Michael Lawrence, first author of the study and a computational biologist at the Broad, notes that most of the newly identified genes were “significant in only one tumor type,” with a few exceptions. Those outliers include ELF3, “an ETS transcription factor not previously known to be significantly somatically mutated in any cancer,” was found to be significantly mutated in bladder and colorectal cancer. ARHGAP35, also known as GRLF1, was mutated in endometrial cancer, but was also “very close to significance in two types of lung cancer, as well as kidney cancer and head-and-neck cancer.”
“There were some newly discovered genes that weren’t significant in any individual tumor type, but only became significant when combining all the data together and pooling the weak signal from multiple kinds of cancer,” Lawrence explains. “A good example of this is TP53BP1, ‘Tumor protein p53 binding protein 1,’ named because it binds to p53, the most commonly mutated gene across cancer. We saw sporadic mutations across many tumor types, and the gene became significant only when pooling all the evidence.”
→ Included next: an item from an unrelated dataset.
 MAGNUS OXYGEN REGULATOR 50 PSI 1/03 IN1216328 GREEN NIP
“We could tell that our current knowledge was incomplete because we discovered many new cancer genes,” added co-senior author Gad Getz, director of the Broad Institute’s Cancer Genome Computational Analysis group and a Broad associate member. “Moreover, we could tell that there are many genes still to be discovered by measuring how the number of gene discoveries grows as we increase the number of samples in our analysis. The curve is still going up.”
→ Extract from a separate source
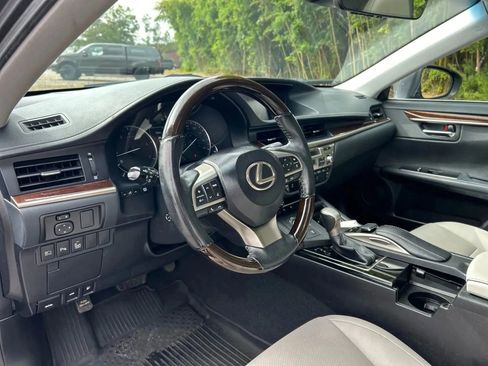Used 2018 Lexus ES 350 w/ Navigation System Package image 12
The team will be moving forward with this research, hopefully on a larger scale. They estimate it will take some 2,000 samples of each cancer type in order to properly catalog most of the mutations, coming to approximately 100,000 samples spanning about 50 tumor types.
“ TCGA is continuing to analyze large numbers of tumor-normal pairs that have been collected,” says Lawrence. “Also, the worldwide ICGC project is analyzing large numbers of patients of many cancer types. We aim to combine all of this data together and analyze it through our pipeline, so that the data is harmonized and analyzed together in a consistent way. That will allow us to reach much higher levels of power to discover cancer genes at the 2 percent patient frequency level. However, many more samples (2,000 per tumor type) are needed to identify most of the cancer genes at the 2 percent patient frequency level.”
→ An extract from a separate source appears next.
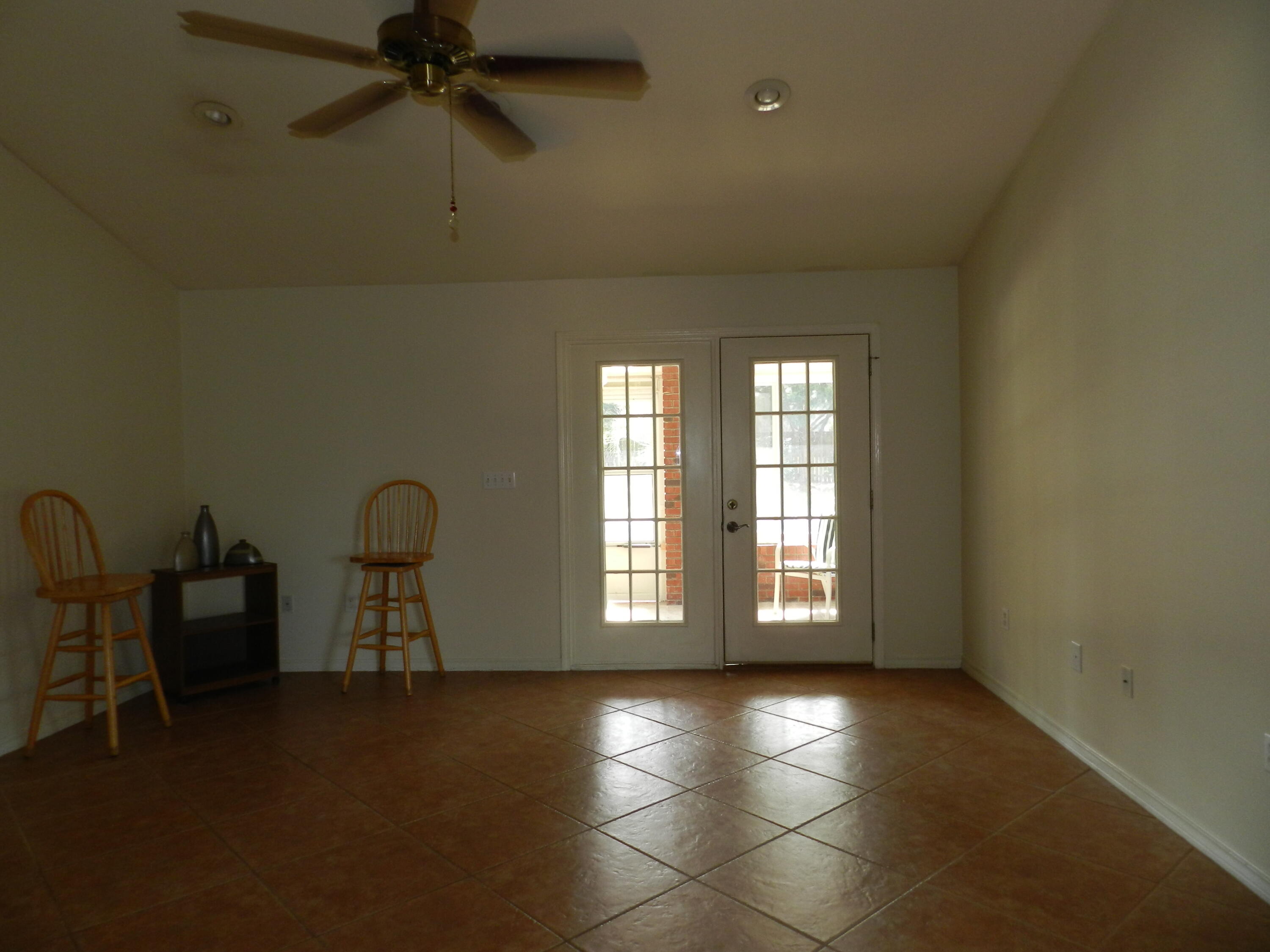 DOGWOOD ESTATES - Residential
In addition, more work needs to be done with the genes the team has targeted in order to determine if any have the potential to be targets for drug development. Different initiatives will be handling that work, including the Cancer Program’s Target Accelerator at the Broad Institute, as well as the National Institutes of Health’s Cancer Target Discovery and Development project, of which the Broad Institute is a member. The latter seeks to “decode cancer genotypes so as to read out acquired pathway and oncogene addictions of the specific tumor subtypes, and to identify small molecules that target these dependencies.”
“For the first time, we know what it will take to draw the complete genomic picture of human cancer,” said Eric Lander, Broad Institute founding director and a senior co-author of the paper. “That’s tremendously exciting, because the knowledge of genes and their pathways will highlight new, potential drug targets and help lead the way to effective combination therapy.”